Hearty, light and fresh . . .
This pasta is always a favorite at our place. It’s packed with veggies, whole wheat and seasonal flavor. I love how simple this dish is to whip up–prep is minimal and cleanup is even easier. It’s perfect for Sunday dinner, family gatherings or weeknight meals when you don’t want to worry with extra sides. Cue the fireworks–this dish is a one-stop shop.
1 lb. whole wheat penne
1 c. green beans, trimmed and cut in half
1 c. grape tomatoes
1 c. fresh spinach
1 c. fresh arugula
2 cloves of garlic, minced
extra virgin olive oil
sea salt
fresh ground black pepper
Boil pasta in salted water for 8-10 minutes or until al dente.

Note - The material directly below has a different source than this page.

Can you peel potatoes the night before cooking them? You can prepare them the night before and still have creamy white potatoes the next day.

While pasta cooks, steam green beans in a medium sauce pan for 3-4 minutes. Remove the beans from the pan, and set aside in an ice bath to stop the cooking process.
In the same medium sauce pan, begin breaking down the grape tomatoes with some extra virgin olive oil and a healthy sprinkle of salt and pepper.

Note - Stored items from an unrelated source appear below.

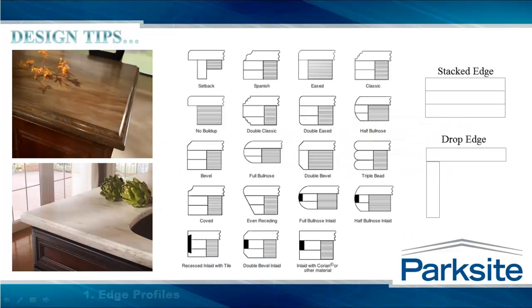Our first design consideration is the edge detail. There is a seemingly endless array of designs that can be applied to Corian, and here are a few of the more common styles, but the key element we need to address is the Fabrication Method. In most instances, the optimal method is a layering or stacking of material. This method maintains a consistent edge grain appearance and provides the maximum number of profile options, including OG and Bull Nose.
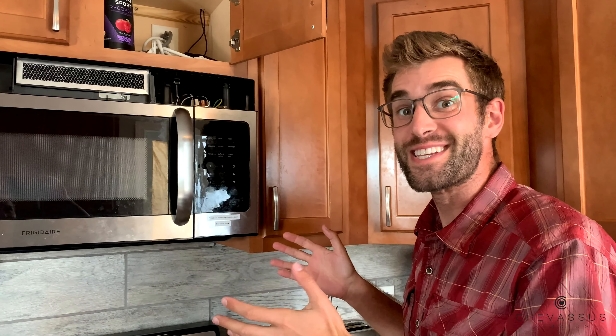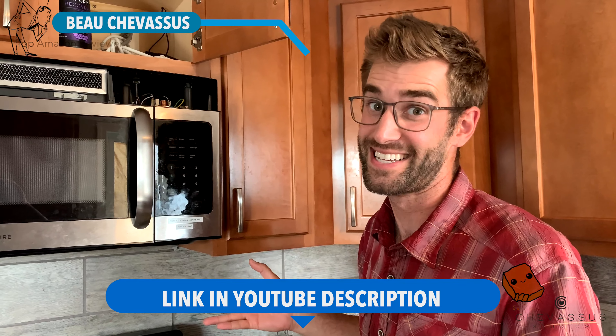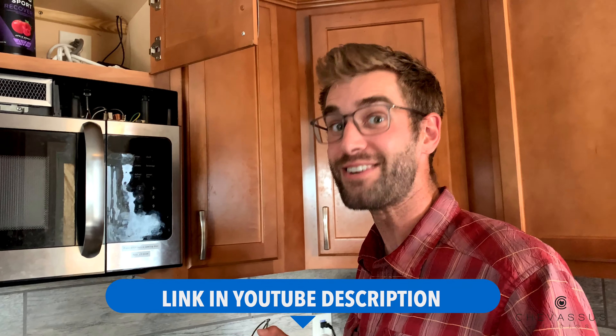The stupid microwave blew out our fuse. So the fuse works wonderfully — five out of five stars for the fuse. One out of five stars for the Frigidaire microwave. My name is Bo Chevesu, catch you later.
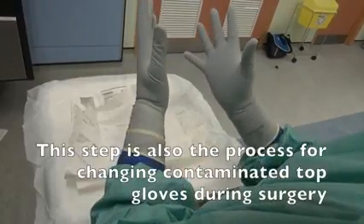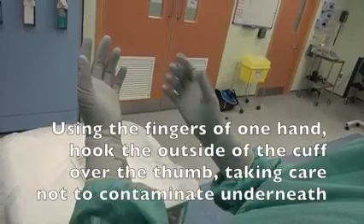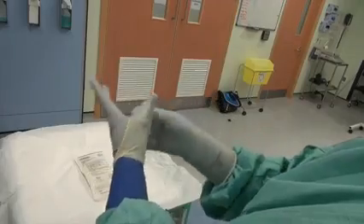This step is also the process for changing contaminated top gloves during surgery. When removing contaminated gloves at the end of surgery, using the fingers of one hand, hook the outside of the cuff over the thumb, taking care not to contaminate underneath.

As the tomatoes cook, they will start to pop and release their juices. Add the minced garlic at this point. Stir the tomatoes, the juices and the garlic for about a minute to get rid of the raw garlic taste, and keep them on low heat.
Once the pasta is al dente, drain the water. Put the pasta, tomatoes with juice and green beans back into the warm pot, and pour in a bit more olive oil.
Toss in the fresh greens. The arugula and spinach will slowly begin to wilt due to the heat of the pasta. Gently fold all the ingredients together. Season with another sprinkle of salt and pepper, and serve the dish immediately.
Amanda says
This looks delicious. I love adding wilted greens to pasta!